The story description, which I’ll remind you I read after reading the whole story because I try to go into stories without any preconceived notions or expectations, hints at some kind changeling-centered conflict but I suspect CartyHorse might’ve been thinking of another story because the presence of changelings is by no means mentioned or foreshadowed in anyway. Either a few more concrete clues that a changeling whatever is on the horizon or I was too busy staring out my bedroom window watching construction workers fill a pot hole in a desperate attempt to feel entertained to notice.

Oh, and you need to pick whether or not the acting antagonists are a gang or the mob. The two act very differently. The mob forms out of a closely related group of individuals that, at least on the surface, aim to act like a legitimate mainstream business that just so happens to peddle something illegal like alcohol (during the prohibition), gambling or prostitution. Any violence was usually geared more towards the right to certain products, the same way a corporation would use the legal system. Coca-cola would sue the shit out of you if you were selling their product without their permission and the mafia would send some thugs to kick the shit out of you since they couldn’t use the legal system. The mafia system fell apart in the late 1940’s, early 1950’s (in America, at least) because of the massive demand for narcotics and the mafia families essentially cannibalized themselves for the right to sell the drugs. This is what Don Corleone is lamenting in the Godfather.

Street gangs, however, pop up in “underdeveloped areas” - which is white people speak for where underprivileged minority races ended up after all the institutionalized racism denied them social progression opportunities, it’s just that now we’re too busy blowing up brown people in other countries to try and patch things up with people here, grrr, grrr social commentary.
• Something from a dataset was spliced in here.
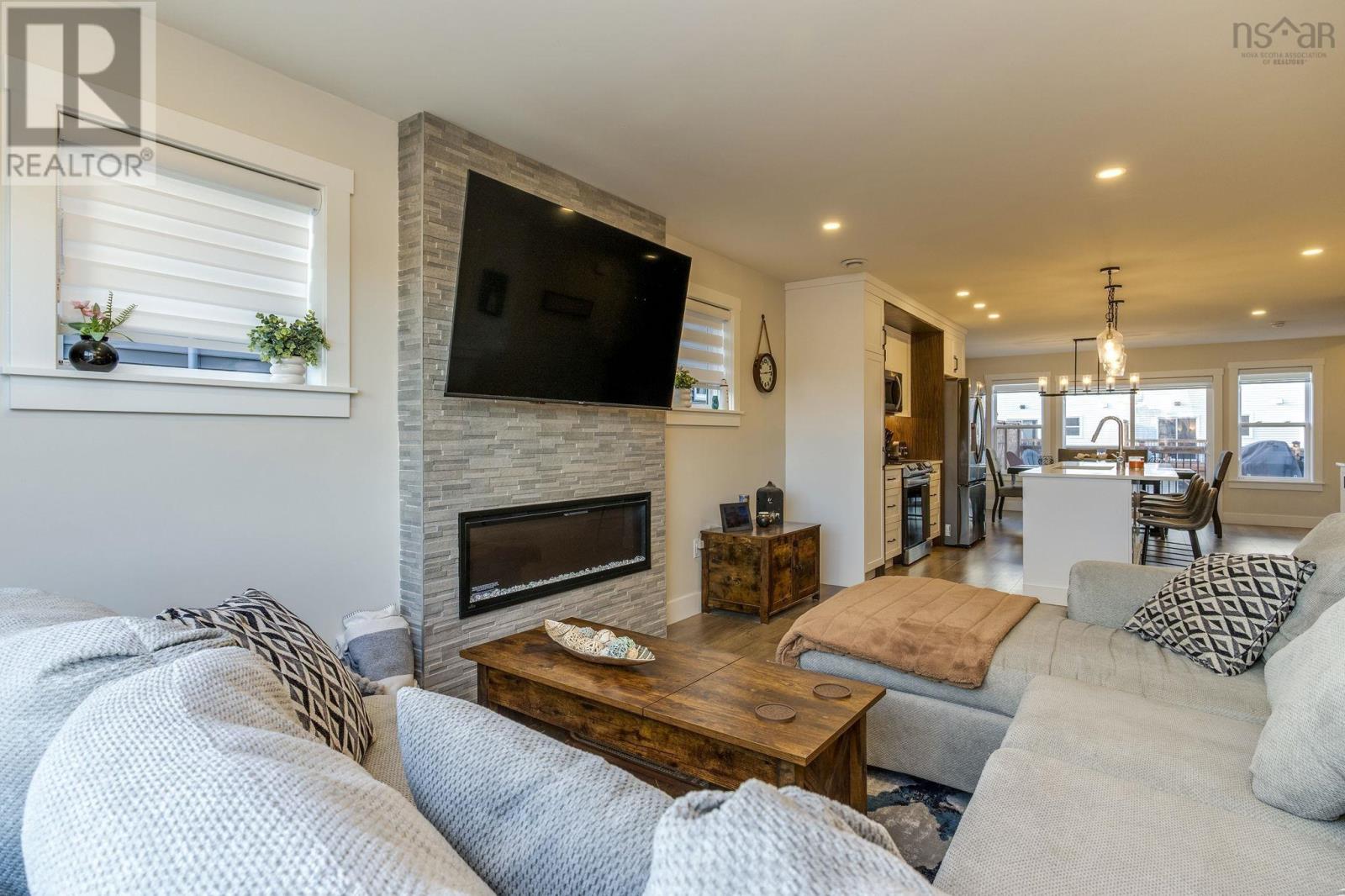 Property 7 of 50 of 39 Sam Crescent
Street gang violence usually has to do with strict territoriality and a cultural mistrust of authority - since if you were black in the 1800’s (or early 1900’s) and you so much as looked at a white woman too long, white people would hang you from a tree and the police would much look the other way. They have to look out for each other because the police aren’t going to do it, so if you mess with one you mess with all and also let’s sell drugs for lots of money!!!

So the mafia is more like, “We have to sell the thing… oh, and let’s look after each other,” while gangs are more, “We have to look after each other… oh, and let’s sell the thing.” and deciding whether or not Tall Tale has gangs or the mafia in it will give the city more of a cultural personality rather than just being a giant blank blob for the plot to take in. Y’know, if you ever want to do some world building. Or give the setting some kind of weight that colors the story. Because right now, it’s…

Part III: Famine

In my personal opinion, which personally I respect, “Chase Chonicles” feels lacking in detail. The majority of the story is told in dialogue - which is at least functional, if you’re into that sort of thing - but everything else feels hungry to be fleshed out. And by hungry, I mean it’s like an adorable puppy starving to death in a shed filled with very, very sharp landscaping equipment. There’s no meaty imagery or really any examples of phrasing that carry a sense of sensational weight or world building. The story takes place on a stage will no established perceptive context or understanding.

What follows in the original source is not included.